"Alright everybody! Line up and put your brooms on the ground beside you. No touching! Good! Excellent!"
It was a grey morning, and the first years of Hufflepuff and Gryffindor were assembled in the muddy courtyard for their first flying lesson. They had all been given a school broom to learn on, as it was not allowed for first years to keep a broom, a fact which relieved Severus though did nothing to lessen his embarrassment as the other students began to brag and crow, "I’ve got a broom at home, but I wasn’t allowed to bring it", and "my brother sometimes lets me borrow his!". His mother didn’t even own a broom, at least not since he could remember. They looked harmless enough just lying in the mud, rather domestic, rustic. Who would want their own broom, anyway.
"Now, hold your hands out over your broom and call ‘up’. Don’t be disheartened if it takes a few tries."
Among all the cries of ‘Up!’ and the laughter and frustration that obedient and disobedient brooms both caused, Severus had managed to call his broom into his hand on his second try. He held it beside him like a wild animal, unsure if he should take his eyes off it. As the noise around him grew less, he chanced a look around the class and saw Lily still calling to her broom. He wondered if he could get her attention, to show her that he had succeeded, and then to offer her some help or encouragement. He cleared his throat loudly.
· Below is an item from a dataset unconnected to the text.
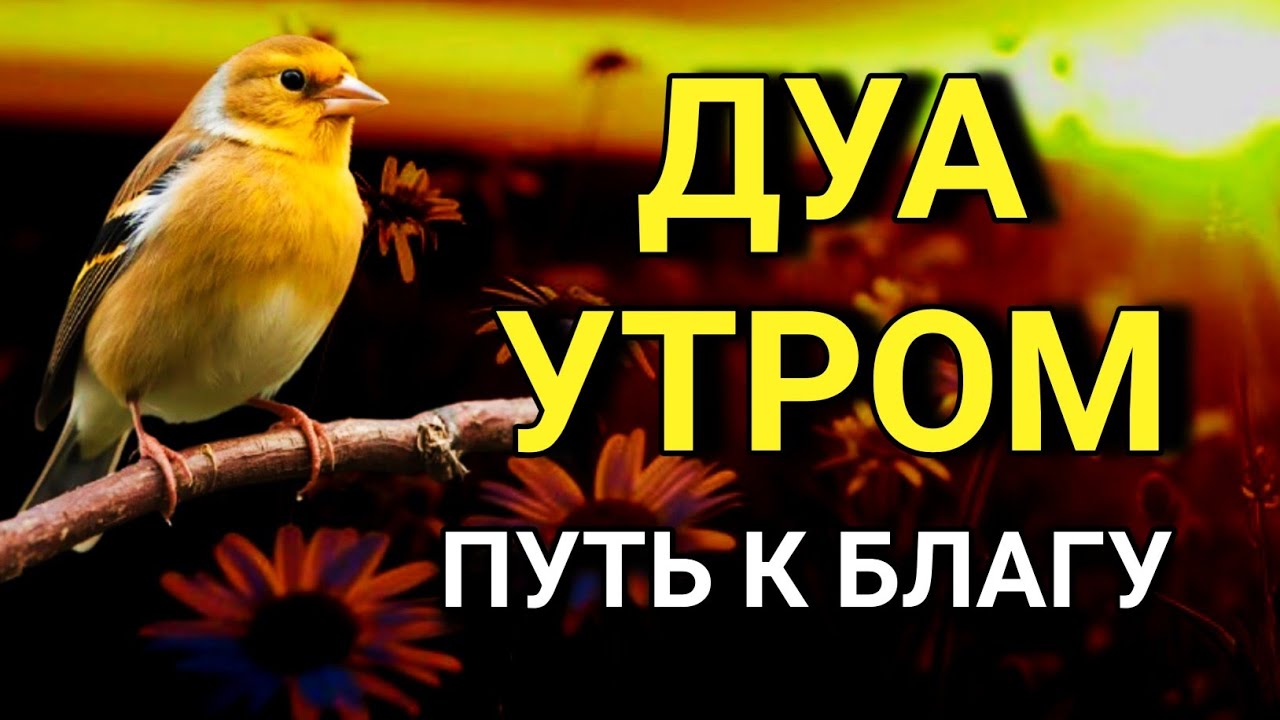 ☝️ СИЛЬНЕЙШЕЕ ДУА УТРОМ ОТ ВСЕХ БЕД 🤲🌹🔑💯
"You never caught a cold, did you?!" Barnaby chatted amiably from beside him. "My mother had some really good cough medicine at home, I bet the nurse here will have it."
"I haven’t got a cold." Severus said to shut him up, and as he said it he saw Lily pluck her broom out of the air. Severus smiled and wanted to call out.
"Nice one Lily!" James Potter and Sirius Black both exclaimed and ran to pat her on the shoulder, their own brooms obediently buoyant in their hands. A scowl darkened Severus’s face until his own broom made a sudden lunge for the sky and nearly pulled him off his feet. He struggled to bring it back to rights, trying to block out the distracting sound of Gryffindor laughter.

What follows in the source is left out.